Problem to work on:
From the first line of the data below through the line bearing "Ramadan Kareem, quédate", reproduce each line exactly; do not include pictures.
---------- Records supplied ----------
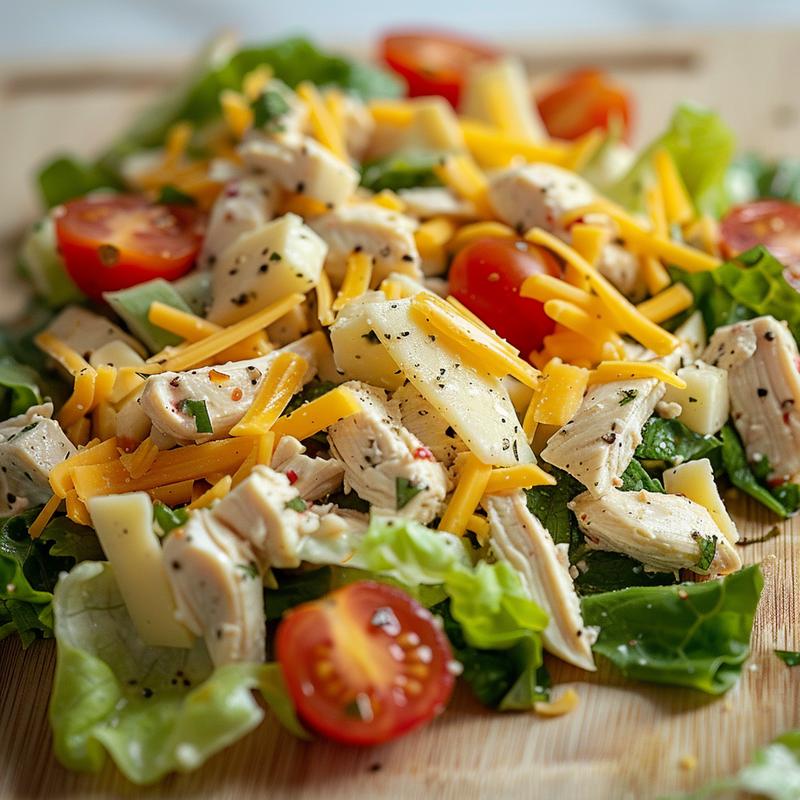 Close-up of high protein cheese chicken salad with chicken, cheddar, mozzarella, romaine, and tomatoes on wood.
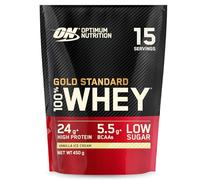 Optimum Nutrition Gold Standard 100% Whey Muscle Building and Recovery Protein Powder With Naturally Occurring Glutamine and BCAA Amino Acids, Vanilla Ice Cream Flavour, 15 Servings, 450 g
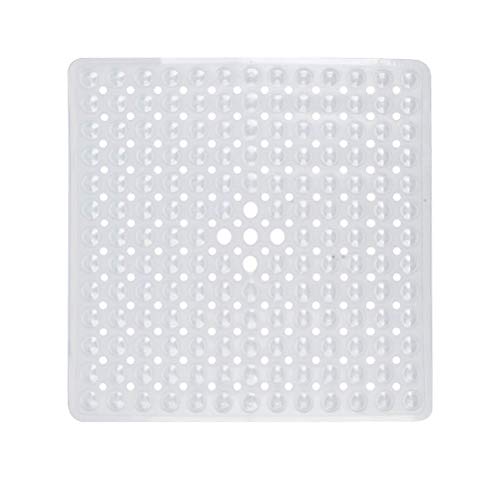 FOCCTS Alfombrilla de ducha cuadrada de goma antideslizante antimoho antibacteriana lavable a máquina con ventosa con agujeros de drenaje 53 x 53 cm (Blanco)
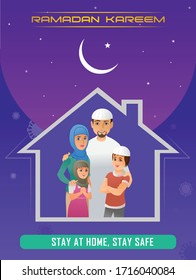 Ramadan Kareem, quédate en casa, mantente a salvo ilustraciones vectoriales, medidas preventivas del Coronavirus Nuevo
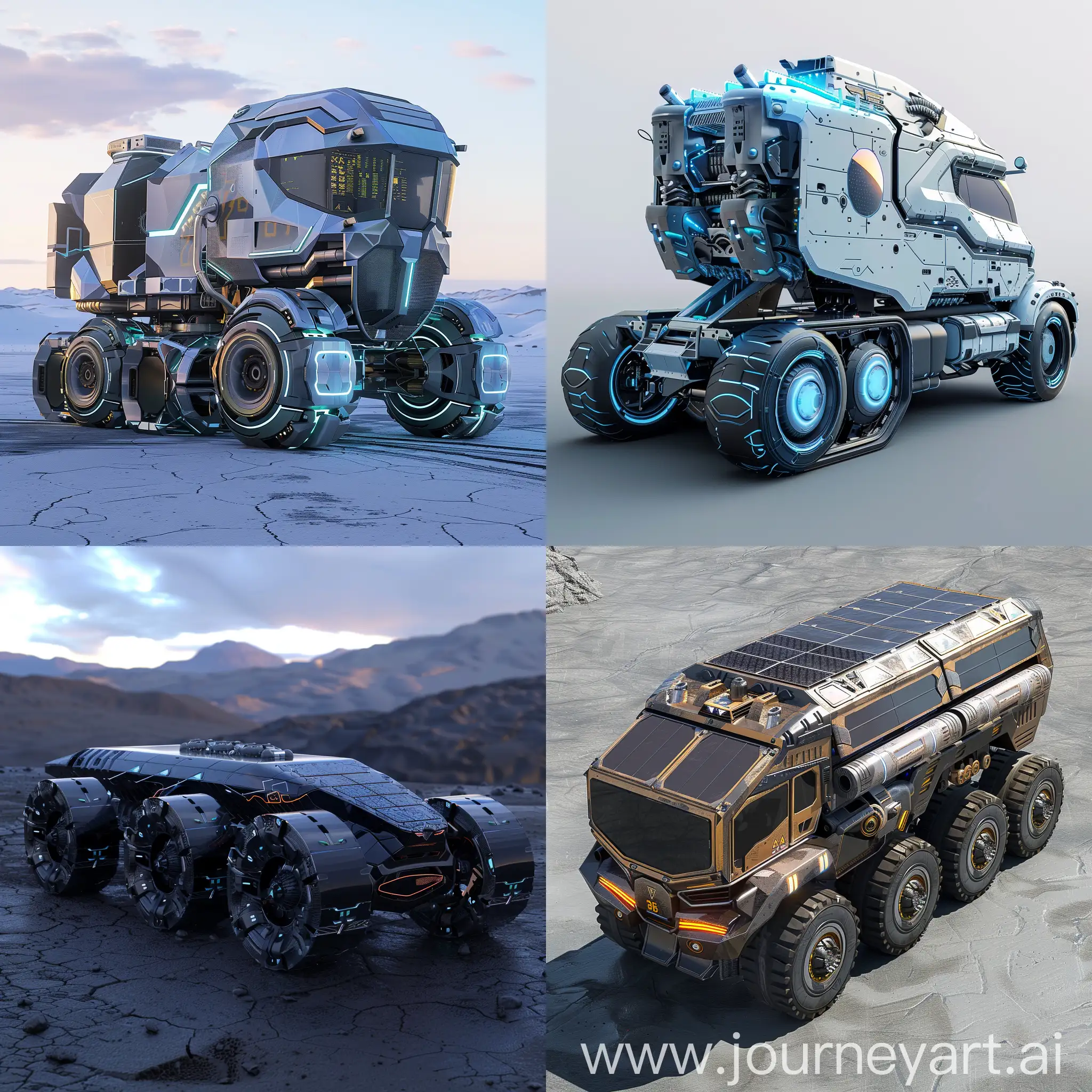 Sci-Fi truck, Advanced Science and Technology, Energy Conversion Engine, Modular Battery Cells, Electro-Magnetic Wheels, AI-Driven Navigation System, Holographic Display Controls, Nano-Material Chassis, Atmospheric Water Generation System, Self-Repairing Components, Integrated Drone Deployment, Quantum Computing Processor, Adaptive Camouflage Skin, Solar Panel Exoskeleton, Aerodynamic Transforming Body, Retractable Aerofoils, 360-Degree Sensor Array, Climate Adaptation Systems, Expandable Cargo Hold, Electro-Reflective Windows, Integrated Rescue Drones, Communication Beacon Tower, In Unreal Engine 5 Style --stylize 1000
----------
Written reply:
 Close-up of high protein cheese chicken salad with chicken, cheddar, mozzarella, romaine, and tomatoes on wood.
 Optimum Nutrition Gold Standard 100% Whey Muscle Building and Recovery Protein Powder With Naturally Occurring Glutamine and BCAA Amino Acids, Vanilla Ice Cream Flavour, 15 Servings, 450 g
 FOCCTS Alfombrilla de ducha cuadrada de goma antideslizante antimoho antibacteriana lavable a máquina con ventosa con agujeros de drenaje 53 x 53 cm (Blanco)
 Ramadan Kareem, quédate en casa, mantente a salvo ilustraciones vectoriales, medidas preventivas del Coronavirus Nuevo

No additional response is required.